Der "Erste" lauschte immer in die Maschine hinein. "Brammann, hören Sie etwas?" "Nein." So ganz befriedigte ihn das nie. Er drehte auch nie bei "Voll voraus" alles auf: "Brammann, sehen Sie mal nach, wer uns da verfolgt." Brammann:" Feindliche U-Boote". "Brammann, Sie sind ein Trottel." Drehte aber voll auf.
Bertie Brammann kam aus Barmbeck, nicht aus Hamburg. Darauf war er stolz. Er war überzeugter Kommunist gewesen, bis er den Sirenenrufen unseres Führers gefolgt war. Ganz Barmbeck war rot und Teddy Thälmann bezeichnete er als Freund. Er war ledig und sein "Zuhause" war die Kneipe von "Sahling". Er schwärmte von den herrlichen Saalschlachten mit den Nazis, die er dort erlebt hatte.
Seltsamerweise war das ganze gemeine Schiffsvolk ledig. Nur der Koch machte eine Ausnahme. Er war kein Deutscher, wie er immer betonte, sondern Ostfriese. Er war ein Meister in der Zubereitung von Eintöpfen, insbesondere Erbsensuppe. Sein zweites Spezialgebiet waren Fischgerichte. Er schlief achtern beim vornehmen Volk. Sein Kochsmaat vorne bei uns. Nur der Kapitän war ein echter Mitschiffsmann. Wie jeder ordenliche Kapitän der christlichen Seefahrt hatte er seine Bude hinter der Brücke. Mit dem Schiffsmaat waren unsere Kojen alle besetzt. Was mit den anderen Kammern passieren sollte, war immer noch geheim. Sollten wir Spione an irgend welchen Küsten absetzen? Die Fantasie blühte.

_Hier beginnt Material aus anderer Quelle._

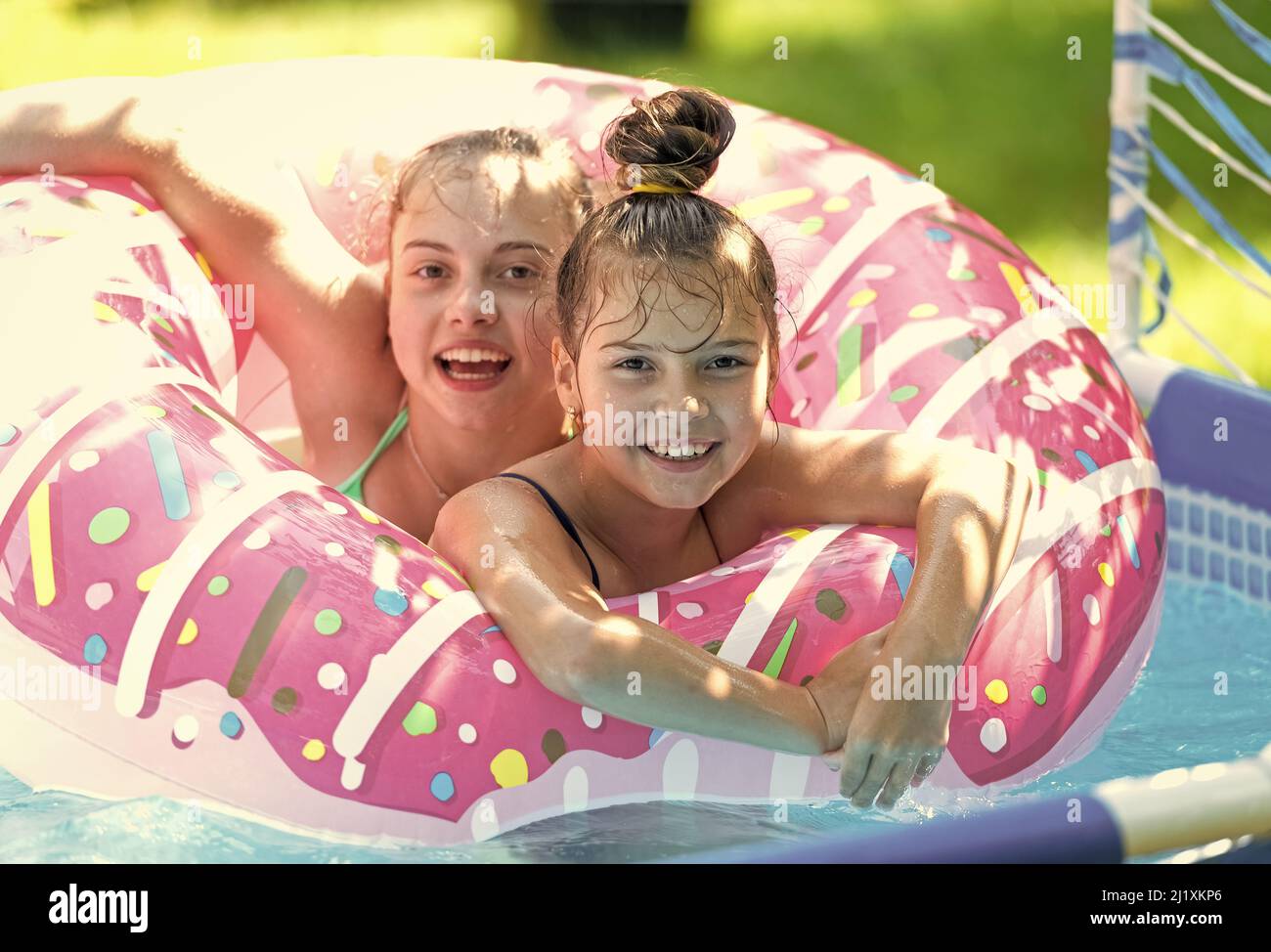 La forma perfecta de estar fresco. Los niños felices nadan en el flotador de la piscina del donut. Juegos de billar. Juegos junto a piscina. Verano Fotografía de stock - Alamy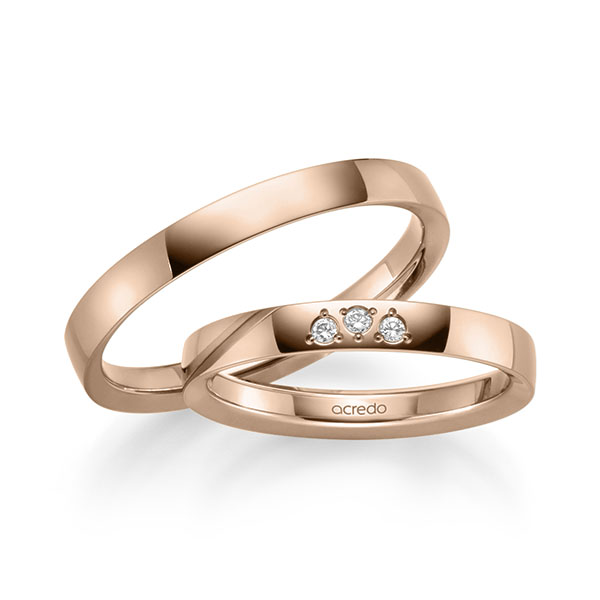 Set klassieke trouwringen in roodgoud 14 kt. met in totaal 0,045 ct. Briljant tw/si van acredo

Bis vor Helgoland wären die Engländer noch nicht vorgedrungen, dachten wir. Wir sollten uns täuschen. Es war der 18. Dezember. Auf der Weser trieben große Eisschollen. Wir krachten durch sie hindurch. In unserer Kammer waren zwischen uns und dem Eis nur ein paar Zentimeter dicke Stahlplatten. Es rummste ordentlich, ein Höllenlärm. Unser erster Gedanke war: Eine Mine! Es ist doch Krieg. Dazu heulte das neue Boschhorn infernalisch in unserem kleinen Raum. Wir hatten es vorher noch gar nicht zur Kenntnis genommen und die Lautstärke haute uns um. Uns fielen fast die Ohren ab und das Schiff war für alle Zeiten kakerlakenfrei. Das Chaos war komplett. Wir stürzten nach oben. Es war falscher Alarm. Der Lotse drückte mit seinem Bauch auf den Alarmknopf unter dem Brücken-fenster. Der Meister, der Praktiker von der Fischerei, musste ran. Mit Bordmitteln wurde ein Schutzblech gegen dicke Bäuche installiert. Er löste auch das Problem der heizungslosen Brücke. Ein Paar Kupferrohre mit Dampfanschluss wurden rundherum knapp über dem Boden verlegt. Es half gegen die grösste Kälte, brachte aber neue Probleme. Man kam beim Reinigen der Brücke mit dem nassen Feudel andauernd an die glühend heissen Rohre. Das Wasser verdampfte zischend. Es stank fürchterlich und die Scheiben beschlugen. Order vom Kapitän: "Nur noch Trockenreinigung." Kam jemand aus Versehen mit den Schuhen den Rohren einen Augenblick lang zu nahe, hörte man Schmerzensschreie und die Socken qualmten. Wir drehten unsere Runde in der deutschen Bucht. Die See war kabbelig und alles war ruhig. Kein Gedanke an Krieg, als das Boschhorn wieder los brüllte.Hatte da wieder jemand seinen Bauch nicht unter Kontrolle? Es war doch eine Sicherung angebracht worden.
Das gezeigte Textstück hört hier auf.